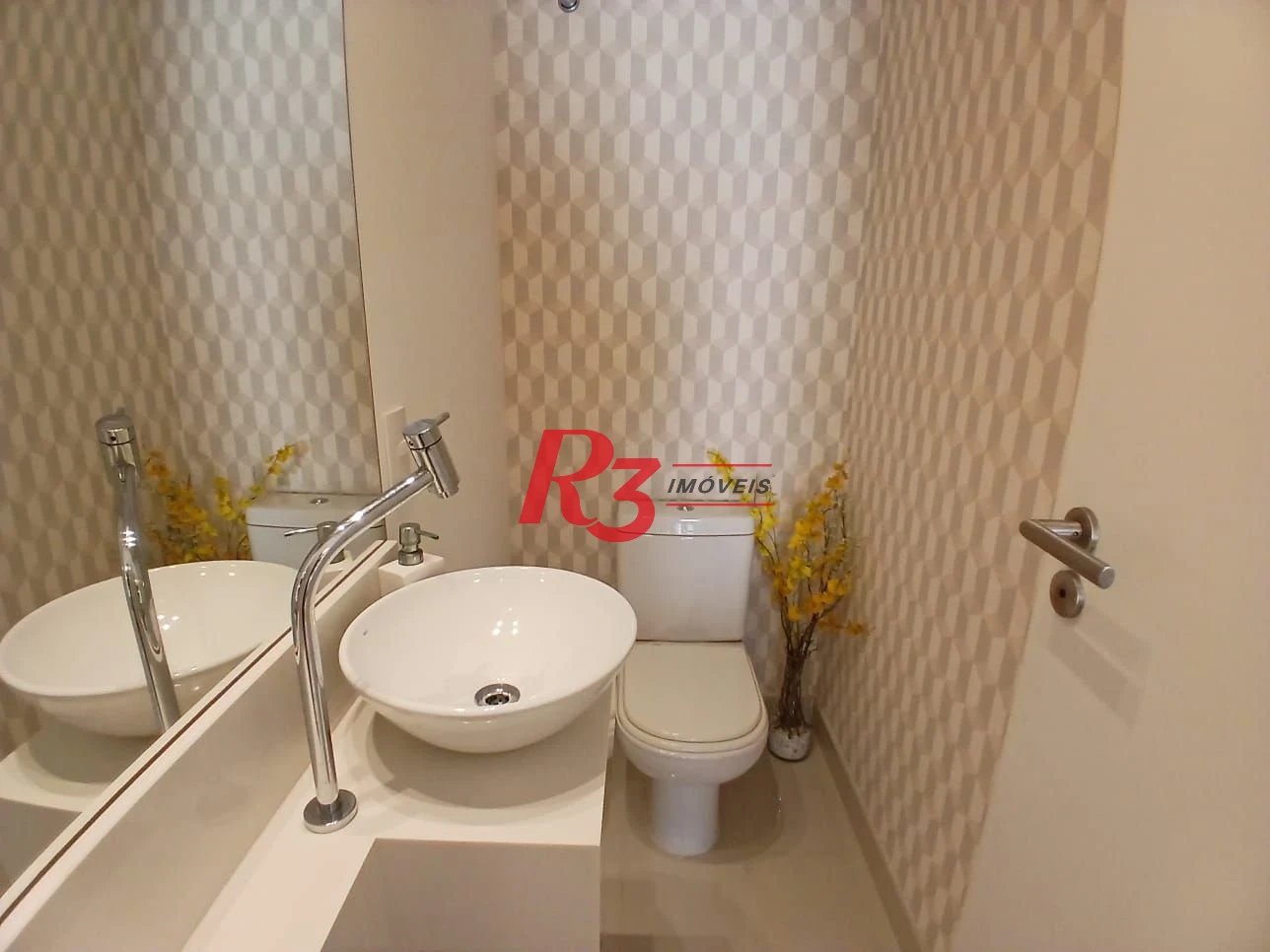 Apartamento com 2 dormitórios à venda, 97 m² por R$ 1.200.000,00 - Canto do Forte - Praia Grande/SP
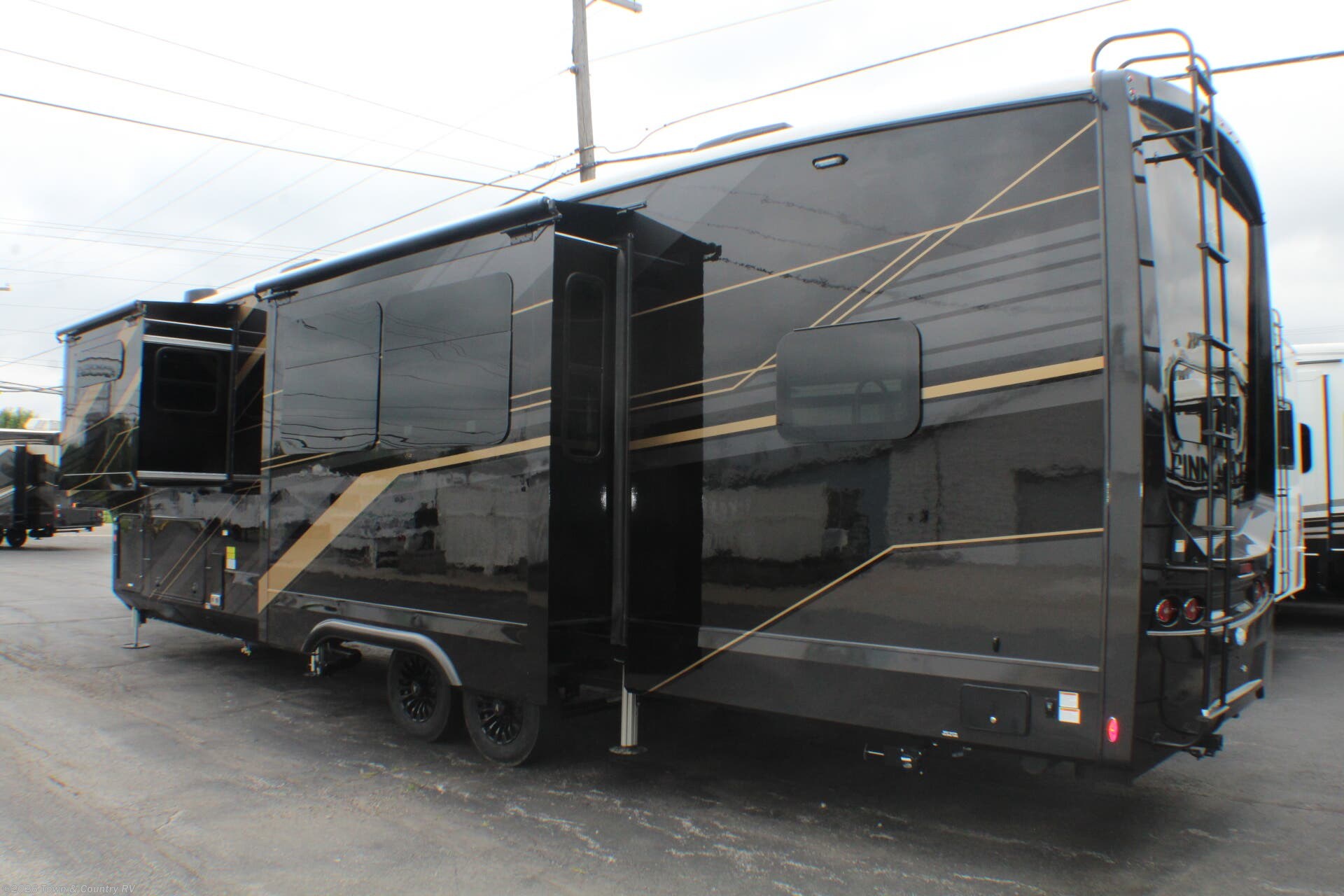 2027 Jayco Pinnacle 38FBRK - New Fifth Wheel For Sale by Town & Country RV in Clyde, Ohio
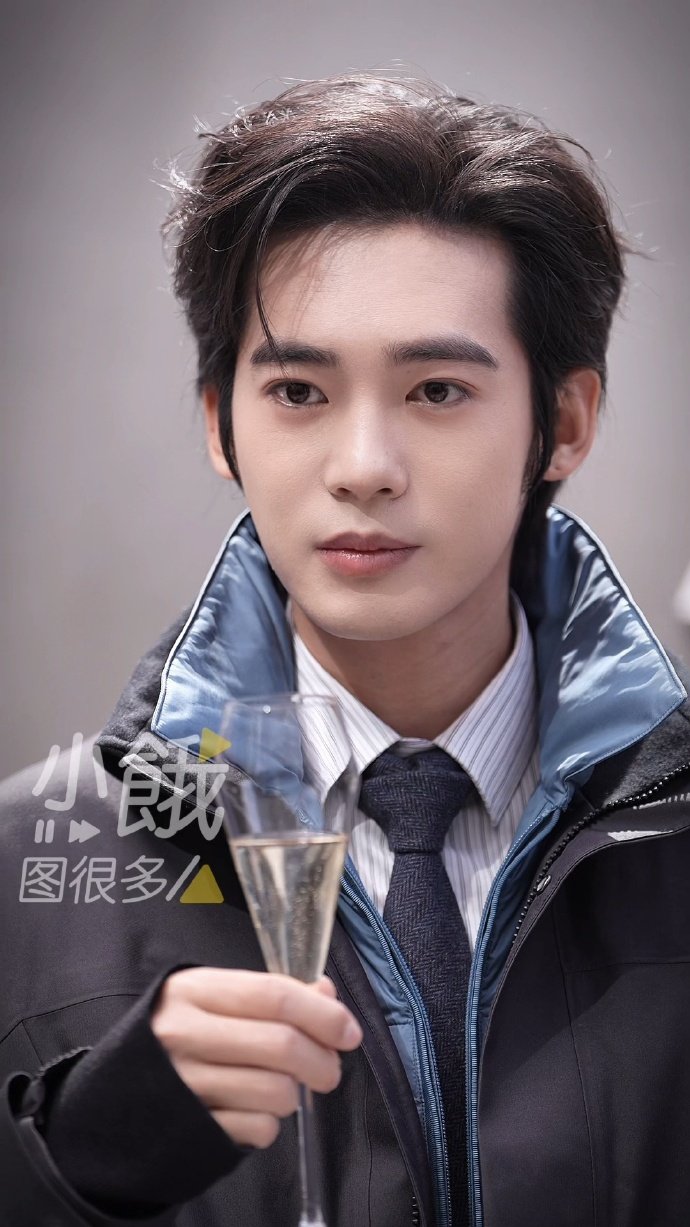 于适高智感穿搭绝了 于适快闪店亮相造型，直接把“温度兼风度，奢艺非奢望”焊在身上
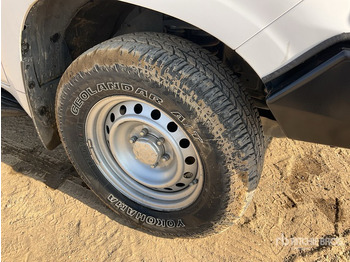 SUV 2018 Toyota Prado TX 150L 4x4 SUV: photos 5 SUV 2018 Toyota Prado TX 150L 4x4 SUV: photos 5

> EXERCISE REQUIREMENTS
Using the listing above, set down exactly each line from the one containing "于适高智感穿搭绝了 于适快闪" through the final line, and leave out pictures.

> ANSWER TO THIS EXERCISE
 于适高智感穿搭绝了 于适快闪店亮相造型，直接把“温度兼风度，奢艺非奢望”焊在身上
 SUV 2018 Toyota Prado TX 150L 4x4 SUV: photos 5 SUV 2018 Toyota Prado TX 150L 4x4 SUV: photos 5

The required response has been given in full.